Desired Skills and Experience

Collecting metrics, crunching data and improving service monitoring to detect problems before they’re visible to our customers.
Building systems to automate our server lifecycle, from configuration management to server bootstrap and decommission.
Scaling our continuous deployment system to accommodate a rapidly growing team and increasing feature velocity without compromising stability.
Troubleshooting, performing root cause analysis, and resolving production issues from the application and network layers all the way down to the system level. This might include anything from digging into source code (our own or from open source projects), hunting memory leaks, tracing bottlenecks in upstream networks, or database query optimization.
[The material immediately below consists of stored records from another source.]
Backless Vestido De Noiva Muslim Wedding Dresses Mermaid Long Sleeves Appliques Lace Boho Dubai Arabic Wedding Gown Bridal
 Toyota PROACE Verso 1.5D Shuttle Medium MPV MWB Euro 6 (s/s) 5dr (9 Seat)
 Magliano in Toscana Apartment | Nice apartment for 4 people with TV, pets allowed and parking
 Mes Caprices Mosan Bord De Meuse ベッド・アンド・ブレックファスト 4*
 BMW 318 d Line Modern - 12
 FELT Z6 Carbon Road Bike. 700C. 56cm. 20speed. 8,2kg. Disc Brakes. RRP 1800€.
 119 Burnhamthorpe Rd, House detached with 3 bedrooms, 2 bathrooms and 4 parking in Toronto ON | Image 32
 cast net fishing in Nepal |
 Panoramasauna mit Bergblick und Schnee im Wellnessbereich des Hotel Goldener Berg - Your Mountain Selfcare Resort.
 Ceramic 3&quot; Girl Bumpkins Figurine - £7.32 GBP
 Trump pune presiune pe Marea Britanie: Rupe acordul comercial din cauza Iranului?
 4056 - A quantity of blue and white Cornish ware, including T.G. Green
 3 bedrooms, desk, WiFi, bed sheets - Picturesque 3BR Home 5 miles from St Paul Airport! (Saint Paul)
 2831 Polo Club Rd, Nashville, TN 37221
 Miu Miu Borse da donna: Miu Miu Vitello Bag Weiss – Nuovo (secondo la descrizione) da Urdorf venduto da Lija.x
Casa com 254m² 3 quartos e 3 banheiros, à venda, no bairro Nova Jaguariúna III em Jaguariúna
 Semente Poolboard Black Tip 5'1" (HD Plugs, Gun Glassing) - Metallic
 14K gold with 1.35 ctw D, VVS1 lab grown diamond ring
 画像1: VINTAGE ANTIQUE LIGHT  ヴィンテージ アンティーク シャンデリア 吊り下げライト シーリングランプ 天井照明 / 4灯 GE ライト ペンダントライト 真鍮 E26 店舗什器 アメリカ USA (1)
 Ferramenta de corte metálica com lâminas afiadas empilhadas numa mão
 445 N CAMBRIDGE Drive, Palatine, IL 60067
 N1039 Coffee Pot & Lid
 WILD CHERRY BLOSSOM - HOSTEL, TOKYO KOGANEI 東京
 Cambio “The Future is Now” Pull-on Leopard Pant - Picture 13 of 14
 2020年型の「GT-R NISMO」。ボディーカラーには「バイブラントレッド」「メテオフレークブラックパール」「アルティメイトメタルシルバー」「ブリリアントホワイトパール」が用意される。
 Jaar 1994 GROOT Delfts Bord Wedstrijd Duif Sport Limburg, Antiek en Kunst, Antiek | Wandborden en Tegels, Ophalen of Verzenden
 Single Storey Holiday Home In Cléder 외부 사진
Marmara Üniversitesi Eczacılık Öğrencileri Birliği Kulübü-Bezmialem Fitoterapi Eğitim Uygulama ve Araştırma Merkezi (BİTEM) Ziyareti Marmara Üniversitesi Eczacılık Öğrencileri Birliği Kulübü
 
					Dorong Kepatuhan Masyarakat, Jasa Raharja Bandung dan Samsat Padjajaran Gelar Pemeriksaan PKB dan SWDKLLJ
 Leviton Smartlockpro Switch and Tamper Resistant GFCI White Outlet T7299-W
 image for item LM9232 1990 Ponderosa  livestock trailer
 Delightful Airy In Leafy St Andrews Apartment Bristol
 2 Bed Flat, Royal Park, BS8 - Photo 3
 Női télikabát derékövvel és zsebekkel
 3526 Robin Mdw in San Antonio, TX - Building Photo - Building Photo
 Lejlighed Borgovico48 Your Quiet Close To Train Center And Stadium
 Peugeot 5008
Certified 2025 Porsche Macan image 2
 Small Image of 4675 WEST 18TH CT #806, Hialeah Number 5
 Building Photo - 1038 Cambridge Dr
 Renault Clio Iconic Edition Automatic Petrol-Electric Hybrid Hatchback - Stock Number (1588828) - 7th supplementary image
Advising other development teams when building new products so that they’re scalable, maintainable, and performing well.
Have 5+ years experience across a mix of software development and systems administration roles.
Script or code with 1-2 languages like Ruby, Scala, Python or Bash. You are comfortable digging into other people’s source code in search of the root cause of a problem and you automate all the things.
Care about the customer experience. You have experience supporting an externally-facing production environment.
Have experience on a pager rotation where you responded to escalations quickly to minimise customer downtime. This role requires being part of a one-week-in-eight on-call rotation.
Believe in the Unix way. You build large systems out of small components that each do one job and do it well. We run Debian.
Are familiar with logging and monitoring tools such as Graphite, Grafana, Logstash, ElasticSearch, statsd, collectd.